Sie haben ein neues Konzept entwickelt und dabei besonders an die hoch betagten Überlebenden gedacht, die in Israel, Polen, den USA und anderen Ländern leben und für die eine Reise nach Deutschland sehr beschwerlich würde. »Aber wenn die Überlebenden und ihre Angehörigen nicht zu uns kommen, dann kommen wir eben zu ihnen«, sagte der Leiter der Stiftung Niedersächsische Gedenkstätten, Jens-Christian Wagner, der »Hannoverschen Allgemeinen Zeitung«. Geplant sei deshalb, am 18. April 2021 zahlreiche dezentrale Veranstaltungen in den Herkunftsländern der Überlebenden anzubieten und das mit einer kleineren Präsenzfeier in Bergen-Belsen zu verbinden.

Für alle Besucherinnen und Besucher des Ortes hat die Gedenkstätte, unabhängig vom Rückblick auf die Befreiung, vor kurzem zusammen mit der Leibniz-Universität Hannover einen neuen »Lernort« für die Öffentlichkeit geschaffen: in der nahe dem ehemaligen KZ gelegenen Niedersachsen-Kaserne. »Aufrüstung, Krieg und Verbrechen. Die Wehrmacht und die Kaserne Bergen-Hohne« ist die dort zu sehende Ausstellung betitelt. Sie soll darstellen, dass die Geschichte der Kaserne und des benachbarten, 1935 im Rahmen der Aufrüstung geschaffenen Truppenübungsplatzes untrennbar mit dem KZ Bergen-Belsen und dem zu ihm gehörenden Kriegsgefangenenlager verbunden ist. Außerdem wird die Mitwirkung des NS-Militärs an Verbrechen im Nationalsozialismus beleuchtet.

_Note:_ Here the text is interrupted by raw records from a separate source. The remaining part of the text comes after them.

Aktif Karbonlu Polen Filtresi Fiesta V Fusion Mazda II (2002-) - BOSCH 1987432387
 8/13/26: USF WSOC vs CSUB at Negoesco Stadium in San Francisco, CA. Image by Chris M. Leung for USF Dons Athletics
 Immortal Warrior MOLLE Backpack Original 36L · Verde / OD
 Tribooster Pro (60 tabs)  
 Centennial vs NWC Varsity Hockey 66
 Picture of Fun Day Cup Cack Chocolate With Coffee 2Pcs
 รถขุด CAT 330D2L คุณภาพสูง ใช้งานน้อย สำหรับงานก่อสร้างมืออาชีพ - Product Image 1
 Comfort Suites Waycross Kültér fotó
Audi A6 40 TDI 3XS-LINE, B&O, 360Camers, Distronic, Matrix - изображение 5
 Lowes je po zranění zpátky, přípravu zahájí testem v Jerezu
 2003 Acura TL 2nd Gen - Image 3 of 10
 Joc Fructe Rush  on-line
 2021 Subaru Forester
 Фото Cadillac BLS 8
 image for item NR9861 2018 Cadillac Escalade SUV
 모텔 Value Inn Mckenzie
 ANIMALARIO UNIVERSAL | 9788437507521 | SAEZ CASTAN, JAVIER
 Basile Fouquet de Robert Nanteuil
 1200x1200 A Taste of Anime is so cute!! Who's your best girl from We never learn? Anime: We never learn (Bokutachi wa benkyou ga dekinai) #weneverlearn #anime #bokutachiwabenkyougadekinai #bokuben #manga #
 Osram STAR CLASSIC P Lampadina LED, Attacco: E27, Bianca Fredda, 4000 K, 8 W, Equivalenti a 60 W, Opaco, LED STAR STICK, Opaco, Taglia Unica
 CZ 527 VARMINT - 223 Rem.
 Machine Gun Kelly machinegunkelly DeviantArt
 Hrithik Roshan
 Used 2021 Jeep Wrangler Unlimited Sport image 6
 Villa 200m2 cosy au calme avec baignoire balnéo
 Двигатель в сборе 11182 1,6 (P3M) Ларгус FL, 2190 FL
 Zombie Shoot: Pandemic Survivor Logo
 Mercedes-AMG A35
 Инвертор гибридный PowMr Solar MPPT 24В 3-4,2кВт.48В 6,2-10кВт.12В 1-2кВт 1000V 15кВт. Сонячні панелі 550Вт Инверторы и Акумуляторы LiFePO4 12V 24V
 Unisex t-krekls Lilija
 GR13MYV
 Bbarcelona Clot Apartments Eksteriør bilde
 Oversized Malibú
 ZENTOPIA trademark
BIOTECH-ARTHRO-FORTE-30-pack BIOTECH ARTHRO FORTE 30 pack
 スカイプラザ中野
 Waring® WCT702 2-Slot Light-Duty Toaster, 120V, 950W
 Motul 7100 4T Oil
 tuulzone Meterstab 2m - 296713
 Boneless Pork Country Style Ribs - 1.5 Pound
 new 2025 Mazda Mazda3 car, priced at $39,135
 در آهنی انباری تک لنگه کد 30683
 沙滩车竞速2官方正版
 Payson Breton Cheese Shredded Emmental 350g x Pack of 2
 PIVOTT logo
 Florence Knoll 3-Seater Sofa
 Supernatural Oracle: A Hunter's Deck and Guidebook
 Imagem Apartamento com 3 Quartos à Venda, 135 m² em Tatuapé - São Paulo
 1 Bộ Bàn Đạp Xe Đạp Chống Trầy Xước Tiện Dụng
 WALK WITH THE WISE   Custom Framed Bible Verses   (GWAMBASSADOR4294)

Anschaulich verdeutlicht die Ausstellung, dass die Wehrmacht eine tragende Säule der NS-Diktatur war. Zudem widmet sich die Präsentation der Frage, welche Handlungsspielräume Soldaten damals hatten und wie die deutsche Gesellschaft sowie die Bundeswehr nach 1945 mit dem schwierigen Erbe der Wehrmacht umgingen.